'Worse than a jungle': the cartel controlling Iraqi borders
"Worse than a jungle. In a jungle, at least animals eat and get full. These guys are never satisfied," said one Iraqi customs worker.
Along Iraq's borders, a corrupt customs-evasion cartel is diverting billions of dollars away from state coffers to line the pockets of armed groups, political parties and crooked officials.
The prime beneficiaries are Iran-linked Shia paramilitaries that intimidate federal officials who dare obstruct them, sometimes through chillingly specific death threats, a six-month AFP investigation has found.
The network is so well-oiled and entrenched that revenues are parcelled out among rival groups with remarkably little friction, part of a parallel system that Iraq's finance minister has described as "state plunder."
"It's indescribable," said one Iraqi customs worker. "Worse than a jungle. In a jungle, at least animals eat and get full. These guys are never satisfied."
Like most of the government officials, port workers and importers interviewed for this story, this worker cited threats to his life and asked to speak anonymously.

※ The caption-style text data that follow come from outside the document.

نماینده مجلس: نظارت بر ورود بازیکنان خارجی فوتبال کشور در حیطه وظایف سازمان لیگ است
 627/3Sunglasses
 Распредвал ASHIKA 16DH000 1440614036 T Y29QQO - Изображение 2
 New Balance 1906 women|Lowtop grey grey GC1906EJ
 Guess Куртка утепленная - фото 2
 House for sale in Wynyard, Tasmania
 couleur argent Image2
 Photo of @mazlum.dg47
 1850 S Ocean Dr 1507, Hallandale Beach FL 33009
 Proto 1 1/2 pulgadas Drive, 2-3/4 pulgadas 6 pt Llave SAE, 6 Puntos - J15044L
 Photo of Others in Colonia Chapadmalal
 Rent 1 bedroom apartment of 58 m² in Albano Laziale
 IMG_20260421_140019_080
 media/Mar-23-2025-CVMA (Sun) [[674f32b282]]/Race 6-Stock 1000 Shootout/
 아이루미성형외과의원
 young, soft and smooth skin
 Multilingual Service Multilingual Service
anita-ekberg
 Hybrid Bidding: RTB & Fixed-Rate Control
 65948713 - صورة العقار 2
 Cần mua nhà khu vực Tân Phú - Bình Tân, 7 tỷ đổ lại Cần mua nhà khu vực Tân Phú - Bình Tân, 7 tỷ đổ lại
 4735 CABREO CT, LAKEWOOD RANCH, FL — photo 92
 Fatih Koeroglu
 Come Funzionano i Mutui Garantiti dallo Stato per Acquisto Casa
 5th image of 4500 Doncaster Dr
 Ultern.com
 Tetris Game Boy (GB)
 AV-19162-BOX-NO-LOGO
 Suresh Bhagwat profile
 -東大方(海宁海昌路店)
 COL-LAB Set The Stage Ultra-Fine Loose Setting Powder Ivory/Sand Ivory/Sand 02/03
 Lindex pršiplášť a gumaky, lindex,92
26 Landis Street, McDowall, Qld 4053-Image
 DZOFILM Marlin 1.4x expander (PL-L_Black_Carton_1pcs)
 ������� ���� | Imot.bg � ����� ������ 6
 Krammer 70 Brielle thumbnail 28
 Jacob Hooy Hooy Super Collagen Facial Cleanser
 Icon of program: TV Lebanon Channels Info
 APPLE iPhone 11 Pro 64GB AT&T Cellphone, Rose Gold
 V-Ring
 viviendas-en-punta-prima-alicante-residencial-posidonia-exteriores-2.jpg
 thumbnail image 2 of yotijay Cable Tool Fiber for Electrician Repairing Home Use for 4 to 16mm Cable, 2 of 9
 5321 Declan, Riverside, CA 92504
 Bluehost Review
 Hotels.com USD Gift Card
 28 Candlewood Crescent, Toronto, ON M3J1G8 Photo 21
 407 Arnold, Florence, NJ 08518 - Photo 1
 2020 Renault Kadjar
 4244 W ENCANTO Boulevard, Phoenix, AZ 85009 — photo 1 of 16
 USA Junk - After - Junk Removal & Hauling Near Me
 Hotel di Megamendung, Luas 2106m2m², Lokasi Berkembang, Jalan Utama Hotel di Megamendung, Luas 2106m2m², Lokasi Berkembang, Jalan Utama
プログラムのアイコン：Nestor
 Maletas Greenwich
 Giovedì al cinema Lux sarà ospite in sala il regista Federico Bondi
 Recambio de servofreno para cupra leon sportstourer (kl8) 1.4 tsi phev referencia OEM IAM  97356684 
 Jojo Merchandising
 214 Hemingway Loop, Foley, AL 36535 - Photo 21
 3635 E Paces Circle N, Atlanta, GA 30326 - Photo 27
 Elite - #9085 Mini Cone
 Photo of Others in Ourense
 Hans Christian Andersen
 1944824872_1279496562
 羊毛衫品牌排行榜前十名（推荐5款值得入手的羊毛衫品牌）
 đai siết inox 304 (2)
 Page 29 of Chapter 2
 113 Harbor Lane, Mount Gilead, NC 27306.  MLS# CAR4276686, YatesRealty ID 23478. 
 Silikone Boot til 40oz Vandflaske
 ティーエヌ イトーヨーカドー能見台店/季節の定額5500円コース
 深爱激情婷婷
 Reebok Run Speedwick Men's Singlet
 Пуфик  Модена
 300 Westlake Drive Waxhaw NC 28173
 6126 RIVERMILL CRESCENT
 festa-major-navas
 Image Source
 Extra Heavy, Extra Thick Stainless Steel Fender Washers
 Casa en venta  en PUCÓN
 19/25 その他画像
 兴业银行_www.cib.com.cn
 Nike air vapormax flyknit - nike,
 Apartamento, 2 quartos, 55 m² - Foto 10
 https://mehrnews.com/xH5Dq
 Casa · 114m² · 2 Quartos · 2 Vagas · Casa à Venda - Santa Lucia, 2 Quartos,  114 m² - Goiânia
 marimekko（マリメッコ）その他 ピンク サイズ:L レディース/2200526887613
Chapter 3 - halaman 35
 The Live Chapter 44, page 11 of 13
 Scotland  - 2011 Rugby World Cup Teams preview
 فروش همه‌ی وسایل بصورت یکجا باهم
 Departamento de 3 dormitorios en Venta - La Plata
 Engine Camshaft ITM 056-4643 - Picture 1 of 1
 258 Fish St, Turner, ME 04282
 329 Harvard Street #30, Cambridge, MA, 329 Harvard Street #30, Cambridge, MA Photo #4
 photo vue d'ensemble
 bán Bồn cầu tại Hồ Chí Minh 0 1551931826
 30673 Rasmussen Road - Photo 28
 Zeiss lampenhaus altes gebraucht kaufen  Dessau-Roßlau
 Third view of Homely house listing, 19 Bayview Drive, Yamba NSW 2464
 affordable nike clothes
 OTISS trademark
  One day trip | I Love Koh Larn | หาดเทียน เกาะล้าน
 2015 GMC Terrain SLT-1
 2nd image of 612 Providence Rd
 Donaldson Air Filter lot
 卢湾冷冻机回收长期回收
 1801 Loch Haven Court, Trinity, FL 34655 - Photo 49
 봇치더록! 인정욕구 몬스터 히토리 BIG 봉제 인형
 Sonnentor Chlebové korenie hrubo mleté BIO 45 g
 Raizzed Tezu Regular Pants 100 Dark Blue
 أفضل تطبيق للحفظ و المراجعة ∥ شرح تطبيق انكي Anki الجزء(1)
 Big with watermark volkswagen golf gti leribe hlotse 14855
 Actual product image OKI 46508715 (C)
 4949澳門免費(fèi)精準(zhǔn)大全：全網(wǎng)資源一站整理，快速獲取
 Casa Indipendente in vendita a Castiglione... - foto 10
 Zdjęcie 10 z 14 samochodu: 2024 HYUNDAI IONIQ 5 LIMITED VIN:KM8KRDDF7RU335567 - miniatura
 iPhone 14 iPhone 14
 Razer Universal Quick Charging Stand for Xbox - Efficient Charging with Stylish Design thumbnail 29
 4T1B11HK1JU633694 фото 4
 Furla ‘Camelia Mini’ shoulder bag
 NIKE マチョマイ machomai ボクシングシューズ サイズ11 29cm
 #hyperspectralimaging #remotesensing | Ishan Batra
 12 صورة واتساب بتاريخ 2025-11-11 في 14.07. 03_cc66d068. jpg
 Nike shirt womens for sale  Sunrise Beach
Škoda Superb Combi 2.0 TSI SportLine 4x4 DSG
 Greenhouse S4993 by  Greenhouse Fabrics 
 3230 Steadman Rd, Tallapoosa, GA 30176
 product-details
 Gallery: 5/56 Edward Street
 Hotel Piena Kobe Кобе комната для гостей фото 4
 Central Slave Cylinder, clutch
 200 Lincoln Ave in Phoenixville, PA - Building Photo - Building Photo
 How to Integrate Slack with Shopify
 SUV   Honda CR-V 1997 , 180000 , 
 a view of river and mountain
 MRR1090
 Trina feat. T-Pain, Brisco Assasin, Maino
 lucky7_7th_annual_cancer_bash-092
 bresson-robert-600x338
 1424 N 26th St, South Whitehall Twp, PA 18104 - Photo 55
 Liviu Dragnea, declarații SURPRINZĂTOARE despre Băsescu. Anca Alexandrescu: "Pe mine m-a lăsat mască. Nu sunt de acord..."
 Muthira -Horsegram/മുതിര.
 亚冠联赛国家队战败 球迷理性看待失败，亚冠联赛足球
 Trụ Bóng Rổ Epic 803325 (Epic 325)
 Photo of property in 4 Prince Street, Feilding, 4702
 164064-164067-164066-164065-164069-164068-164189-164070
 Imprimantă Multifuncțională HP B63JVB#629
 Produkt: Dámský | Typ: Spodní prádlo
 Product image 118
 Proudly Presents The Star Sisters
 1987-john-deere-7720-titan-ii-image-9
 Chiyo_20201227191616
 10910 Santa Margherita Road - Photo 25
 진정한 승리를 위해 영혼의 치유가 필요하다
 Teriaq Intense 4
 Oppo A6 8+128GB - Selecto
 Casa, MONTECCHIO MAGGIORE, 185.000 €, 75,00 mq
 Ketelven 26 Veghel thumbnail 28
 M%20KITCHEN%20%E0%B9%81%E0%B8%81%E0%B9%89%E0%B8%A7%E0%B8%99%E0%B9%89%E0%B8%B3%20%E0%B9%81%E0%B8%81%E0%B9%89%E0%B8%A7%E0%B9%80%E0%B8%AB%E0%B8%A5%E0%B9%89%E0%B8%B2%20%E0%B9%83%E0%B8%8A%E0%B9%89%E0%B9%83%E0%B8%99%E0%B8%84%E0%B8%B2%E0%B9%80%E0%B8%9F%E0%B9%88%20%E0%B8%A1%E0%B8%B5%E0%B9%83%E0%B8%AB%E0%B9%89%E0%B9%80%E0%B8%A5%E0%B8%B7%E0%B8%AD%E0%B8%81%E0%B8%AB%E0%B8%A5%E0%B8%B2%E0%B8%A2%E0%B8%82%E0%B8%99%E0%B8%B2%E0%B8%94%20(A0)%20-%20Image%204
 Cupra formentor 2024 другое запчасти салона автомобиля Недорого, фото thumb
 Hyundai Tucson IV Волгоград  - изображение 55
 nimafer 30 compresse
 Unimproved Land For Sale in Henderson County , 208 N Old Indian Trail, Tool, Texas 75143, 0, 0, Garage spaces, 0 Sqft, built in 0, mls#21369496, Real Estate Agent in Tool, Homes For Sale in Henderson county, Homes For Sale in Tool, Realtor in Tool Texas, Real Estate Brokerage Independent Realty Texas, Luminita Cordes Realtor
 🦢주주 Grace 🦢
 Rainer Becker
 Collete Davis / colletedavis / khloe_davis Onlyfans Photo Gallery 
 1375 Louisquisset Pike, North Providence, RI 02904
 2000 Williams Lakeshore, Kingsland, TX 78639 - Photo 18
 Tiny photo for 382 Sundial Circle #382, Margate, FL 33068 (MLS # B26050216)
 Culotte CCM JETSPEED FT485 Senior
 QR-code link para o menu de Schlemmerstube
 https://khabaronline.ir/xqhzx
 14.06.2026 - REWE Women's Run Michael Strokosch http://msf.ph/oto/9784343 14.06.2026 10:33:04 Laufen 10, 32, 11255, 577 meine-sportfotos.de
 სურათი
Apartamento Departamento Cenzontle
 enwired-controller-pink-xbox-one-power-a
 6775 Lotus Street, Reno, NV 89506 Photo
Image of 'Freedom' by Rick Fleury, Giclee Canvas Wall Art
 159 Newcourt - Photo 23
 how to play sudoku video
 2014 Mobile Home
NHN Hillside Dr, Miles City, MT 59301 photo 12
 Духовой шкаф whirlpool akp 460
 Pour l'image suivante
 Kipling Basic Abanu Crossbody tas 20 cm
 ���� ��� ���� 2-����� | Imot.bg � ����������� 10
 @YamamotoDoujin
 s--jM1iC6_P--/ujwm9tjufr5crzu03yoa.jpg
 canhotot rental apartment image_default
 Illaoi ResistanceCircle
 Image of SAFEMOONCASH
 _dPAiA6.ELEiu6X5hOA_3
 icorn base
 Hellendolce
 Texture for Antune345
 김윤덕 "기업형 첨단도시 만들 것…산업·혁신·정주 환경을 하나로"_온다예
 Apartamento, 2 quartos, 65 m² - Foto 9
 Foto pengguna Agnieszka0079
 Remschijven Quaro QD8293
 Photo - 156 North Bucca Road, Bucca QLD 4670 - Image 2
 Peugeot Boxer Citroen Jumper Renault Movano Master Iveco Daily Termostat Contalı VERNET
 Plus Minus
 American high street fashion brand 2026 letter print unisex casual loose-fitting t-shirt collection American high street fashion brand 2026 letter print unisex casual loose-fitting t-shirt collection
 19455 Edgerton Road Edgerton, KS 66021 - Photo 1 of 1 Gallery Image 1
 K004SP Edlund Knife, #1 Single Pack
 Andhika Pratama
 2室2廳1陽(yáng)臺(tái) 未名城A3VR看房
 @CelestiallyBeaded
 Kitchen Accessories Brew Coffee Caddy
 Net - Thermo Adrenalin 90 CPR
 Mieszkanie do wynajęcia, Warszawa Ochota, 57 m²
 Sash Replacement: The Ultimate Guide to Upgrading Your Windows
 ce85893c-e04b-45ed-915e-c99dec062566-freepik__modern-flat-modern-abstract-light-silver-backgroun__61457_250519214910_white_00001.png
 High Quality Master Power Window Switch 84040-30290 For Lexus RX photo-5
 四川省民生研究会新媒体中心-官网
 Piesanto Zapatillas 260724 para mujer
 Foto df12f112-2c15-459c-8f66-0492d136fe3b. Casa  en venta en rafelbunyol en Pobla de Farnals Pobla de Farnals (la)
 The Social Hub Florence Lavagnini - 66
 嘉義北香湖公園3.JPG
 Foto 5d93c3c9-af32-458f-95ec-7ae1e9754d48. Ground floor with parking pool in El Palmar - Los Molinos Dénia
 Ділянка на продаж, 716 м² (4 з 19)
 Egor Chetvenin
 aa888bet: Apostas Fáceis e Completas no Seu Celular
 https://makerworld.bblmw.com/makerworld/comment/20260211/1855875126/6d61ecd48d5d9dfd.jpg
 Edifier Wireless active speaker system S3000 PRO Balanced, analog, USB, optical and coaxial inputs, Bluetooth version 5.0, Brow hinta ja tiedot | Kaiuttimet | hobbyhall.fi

The network they described arises from Iraq's glacially slow bureaucracy, fractious politics, limited non-oil industry and endemic corruption that is itself largely a product of years of chaos in the wake of the 2003 US invasion to topple dictator Saddam Hussein.
Customs provide one of the few sources of state revenues, and to keep disparate groups and tribes happy, many of them close to Iran, entry points are divvied up among them and federal duties largely supplanted by bribes.
"There's a kind of collusion between officials, political parties, gangs and corrupt businessmen," Iraq's Finance Minister Ali Allawi told AFP.
Paramilitary Groups
Many of Iraq's entry points are informally controlled by groups within the Hashed al-Shaabi, a powerful state-sponsored armed network close to Iran, as well as other armed factions, officials confirmed to AFP.
The Hashed's members, their allies or their relatives work as border agents, inspectors or police, and are paid by importers who want to skip the official process entirely or get discounts.
"If you want a shortcut, you go to the militias or parties," said an Iraqi intelligence agent who has investigated customs evasion.
He said importers effectively tell themselves: "I'd rather lose $100,000 [on a bribe] than lose my goods altogether."
The Hashed publicly denies the claims. But sources close to its hardline member groups Asaib Ahl al-Haq and Kataeb Hezbollah acknowledged that customs posts are indeed parcelled out in the manner alleged.
They cited specific harbor berths, land crossings and products that matched what customs officials and the intelligence agent told AFP.
$10,000 a Day in Bribes
The Mandali crossing on the Iranian border, for example, is run by the Badr Organization, an Iraqi movement founded in Iran, port workers, officials and analysts confirmed.
An official there boasted to AFP that a border operative can rake in $10,000 per day in bribes, the bulk of which is distributed to the overseeing armed group and complicit officials.
In other cases, an armed group controls a particular kind of trade.
"If I'm a cigarette trader," he said, "I go to Kataeb Hezbollah's economic office in the Jadriyah neighbourhood [of Baghdad], knock on the door, and say: 'I want to coordinate with you.'"
One key figure is always the "mukhalles" – the state customs agent assigned to an incoming shipment who often doubles as a middleman for an armed group.
"There's no such thing as a neutral mukhalles. They're all backed by parties," the intelligence agent said.
Once paid – in cash for smaller operations, and by bank wire for larger deals – the mukhalles tampers with paperwork.
By misrepresenting the type or amount of goods imported or their value, the customs fee is sharply reduced.
One importer told AFP that under-declaring quantities could score a trader discounts of up to 60 percent.
A Real Mafia
With points of entry seen as cash cows, public servants pay their superiors for postings, especially at Umm Qasr.
"Minor clerks' jobs in some outposts change hands for $50,000 to $100,000, and sometimes it goes up to multiples of that," Allawi, the finance minister, lamented.
The subterfuge around the import system "contributes to state plunder," he told AFP.
To protect their pillaging, parties and armed groups use their political influence and threats of violence.
A worker at Mandali told AFP he once delayed a shipment from Iran because of missing paperwork, but then allowed it through, duty-free, after the mukhalles handling the cargo brandished his credentials as a Hashed member.
The intelligence officer said an informant at Zerbatiya crossing, which likewise borders Iran and is managed by Asaib Ahl al-Haq, was repeatedly put on leave for blocking efforts to import Iranian produce customs-free and eventually relented.
"We came back later to talk to him again and found he had joined Asaib," the intelligence officer said.
A senior member of Iraq's border commission told AFP he receives regular calls from private numbers threatening his relatives by name, in an effort to intimidate him into halting cargo inspections.
The customs worker was among others who also said they contended with death threats.
"We can't say anything because we'll be killed," he said. "People are afraid. This is a real mafia."